Continuing from last Wednesday's post, the BBC has brought us a much fuller and more interesting account of the kosher music patrol. They've even printed the rules; unsurprisingly, there are ten in number.

My favorite is #4:
"The use of percussion accompaniment in slow, quiet music is generally ridiculous"

Apparently, inspired by Isaiah 24:8.

Thursday, September 11, 2008

The day that changed everything

As always, Tom Segev tells it like it is:

"Everyone also spoke about the patriotism that had swept America, a clear expression of insecurity and a conservative attempt to hold on to the values of the past. I remember a large American flag that was hung above the entrance to one of the last sex shops that still survived in New York. Most of those shops have since disappeared, one reason being that porn today is purchased via the Internet; in the past seven years the Web has changed the lives of far more people than did the attack on the World Trade Center. "

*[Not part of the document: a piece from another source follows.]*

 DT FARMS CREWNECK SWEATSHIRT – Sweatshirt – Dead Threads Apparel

Thanks Al Gore. If only you could have been president...maybe we wouldn't have had 9/11 in the first place. True.

Tuesday, September 9, 2008

Ridiculous

Was airport security screaming "Dance, boy, dance!" in Southern accents? Ugh, I want to vomit at the thought.

Meanwhile, the Pensioners' Party is planning to go abduct Mahmoud Ahmadinejad (Eichmann-style, yo), a sitting democratically-elected president, and send him to the Hague for a trial. I doubt they'll take him.

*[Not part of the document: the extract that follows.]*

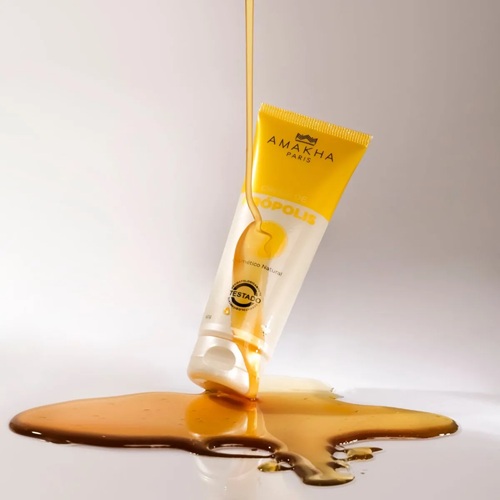 Creme de Própolis Com Ação Cicatrizante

Stories like these make me think even "a nation like all the others" is overly idealistic.

Thursday, September 4, 2008

Disclaimer

I know it's fucked up to joke about these things, but I just want to state clearly that the infanticidal mother currently gracing the front pages of Israeli newspapers is not me:

Wednesday, September 3, 2008

Das Goyenthum in der Musik

The Jerusalem Post reports that a Bnei Barak NGO, the Guardians of Sanctity and Education is formulating a series of guidelines to "add transparency to the delineation between acceptable or 'kosher' Jewish music and forbidden or 'treif' music." Senior member Mordechai Bloi that "Bach or Beethoven, music with class" is kosher. The treif list includes:
  • 2-4 beats
  • rock and disco
  • 'improper' use of bass, guitar, and saxophone
  • profaning sacred texts
  • mixing of milk and meat instruments
In response to a growing number of Haredi pop-style musical acts, the ultra-est of the ultra-Orthodox declare: "We want to protect ourselves from what we see as negative foreign influences. We are trying to maintain our own authentic music styles...stay(ing) loyal to our roots."

Compare to 1850, Richard Wagner wrote:
The Jews could never take possession of this art, until that was to be exposed in it which they now demonstrably have brought to light— its inner incapacity for life. So long as the separate art of Music had a real organic life-need in it, down to the epochs of Mozart and Beethoven, there was nowhere to be found a Jew composer: it was impossible for an element entirely foreign to that living organism to take part in the formative stages of that life. Only when a body's inner death is manifest, do outside elements win the power of lodgment in it—yet merely to destroy it. Then indeed that body's flesh dissolves into a swarming colony of insect-life: but who, in looking on that body's self would hold it still for living?"